On Sun, 2023-02-26 at 01:21 +0000, python--- via Python-ideas wrote:
Hello all,
Supply chain attacks are becoming a pressing concern in software development due to the large number of dependencies and multiple attack vectors. Using third party modules (libraries, packages etc) is always a risk but the true potential of these attacks is now being weaponized. One way to deal with the risk is by limiting access to sensitive APIs like filesystem, shell, network and ffi so that packages which aren't explicitly granted permissions cannot use them, reducing their ability to do damage.
For example, a yaml parser should not need to use ffi, network nor shell.
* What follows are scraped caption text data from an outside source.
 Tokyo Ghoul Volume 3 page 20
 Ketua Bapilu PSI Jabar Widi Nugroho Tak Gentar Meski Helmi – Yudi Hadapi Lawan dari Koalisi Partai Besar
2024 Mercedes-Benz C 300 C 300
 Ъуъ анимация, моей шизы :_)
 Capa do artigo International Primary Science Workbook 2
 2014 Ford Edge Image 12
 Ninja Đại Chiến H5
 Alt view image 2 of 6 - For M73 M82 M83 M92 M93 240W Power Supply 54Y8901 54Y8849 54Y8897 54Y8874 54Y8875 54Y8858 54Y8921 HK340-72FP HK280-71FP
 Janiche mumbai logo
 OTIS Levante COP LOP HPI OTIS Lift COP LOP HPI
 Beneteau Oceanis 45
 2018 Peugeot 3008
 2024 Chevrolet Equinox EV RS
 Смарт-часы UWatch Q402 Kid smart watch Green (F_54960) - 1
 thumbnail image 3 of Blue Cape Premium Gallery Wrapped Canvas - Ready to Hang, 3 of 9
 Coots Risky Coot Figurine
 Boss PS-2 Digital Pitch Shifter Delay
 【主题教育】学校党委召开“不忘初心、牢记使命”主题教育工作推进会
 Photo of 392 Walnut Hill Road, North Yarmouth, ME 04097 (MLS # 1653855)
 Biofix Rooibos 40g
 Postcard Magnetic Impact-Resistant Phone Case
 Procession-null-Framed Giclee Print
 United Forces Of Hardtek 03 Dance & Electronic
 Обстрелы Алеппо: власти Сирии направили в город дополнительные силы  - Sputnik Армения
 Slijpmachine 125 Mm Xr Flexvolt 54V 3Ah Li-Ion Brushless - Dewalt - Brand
A command line argument parser library should not use network, ffi nor filesystem. Deno, a runtime for Typescript contains an interesting implementation of a permissions model for APIs.
I strongly think Python could benefit from such functionality and hacked together a quick experiment here: https://github.com/R9295/cpython Currently, it only prevents module imports in a very elementary manner but perhaps it can be of use to spark a discussion for an implementation.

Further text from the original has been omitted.